Ayeoribe submitted that for an economy that is always staring at recession due to weak purchasing power of the people, one sure way of boosting economic revival is payment of correct salary to workers.He said: “We should place minimum wage in the proper place we ought to. There are many things that better wages will cure; it will improve productivity, and reduce corruption to the barest minimum. Why won’t there be corruption in governance process when workers are poorly paid? A bag of rice today is more than N25,000 amid a minimum wage of N30,000. Workers won’t eat anything other than rice? How can workers purchase other food items, pay house rent, pay children’s school fees, and transport to places of work without the temptation of taking advantage of their positions? Even that meagre N30,000 is under a threat. What sort of system are we running in this country? Is there justice in a system like this?”

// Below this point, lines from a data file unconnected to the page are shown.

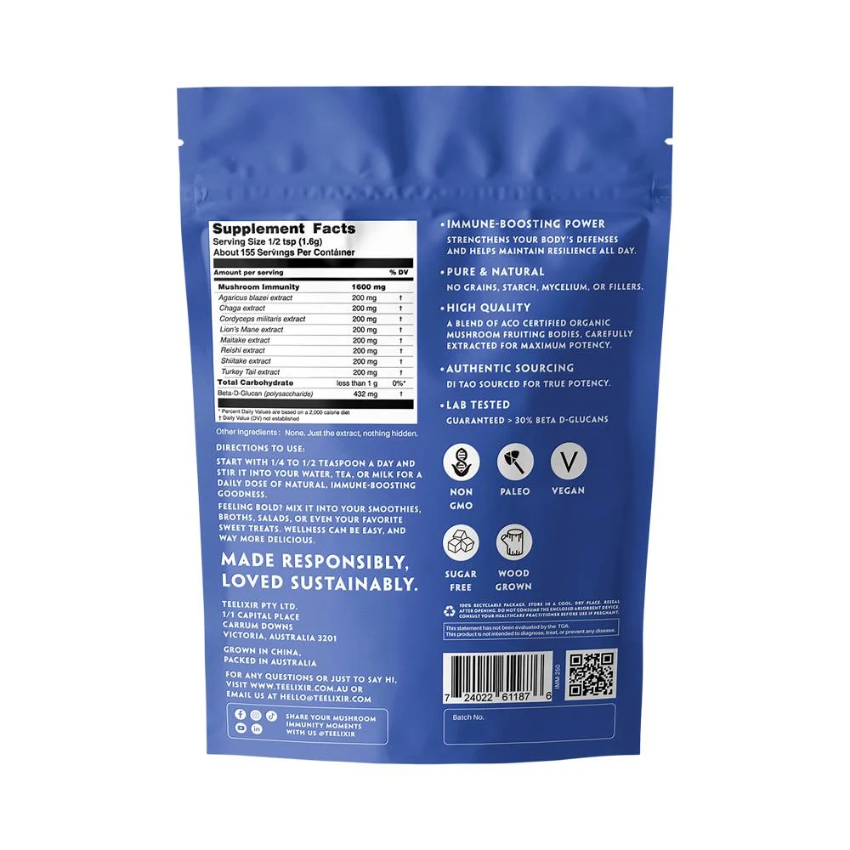 Teelixir Organic Mushroom Immunity 250g
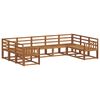 vidaXL Utend&oslash;rs sofa-sett 9 pcs Naturlig Solid akasietre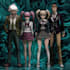 illustrate danganronpa characters in dramatic anime style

He declared that the organised labour must keep the pressure on any state governor that is unwilling to implement the minimum wage to the letter.He stated: “To beef up the economy of any state, good wages must be paid to workers. So, the argument is misplaced and borne out of insincerity of purpose. We have never been sincere about how federalism should operate in our country. Therefore, if any state is not ready to go into negotiation on the consequential adjustment, labour should get set to fight it out. We all remember that during the last general elections, virtually all the gubernatorial candidates promised to implement the minimum wage if they were elected. So, why this sudden realisation that they cannot pay? Didn’t they know what states had before seeking elective offices?”

He further explained that decent economies adjust salaries based on some economic parameters and realities, saying, “While our agreement in 2011 said the minimum wage law would be reviewed every five years; it took us more than three years to get this underway and now, no one knows when the implementation will begin especially at the state level. So for me, if any governor is not ready to implement the new national wage floor, such a governor should await the fury of the organised labour movement. Such a struggle at this point is going to be a very long battle that may destroy some of the governors if care is not taken.”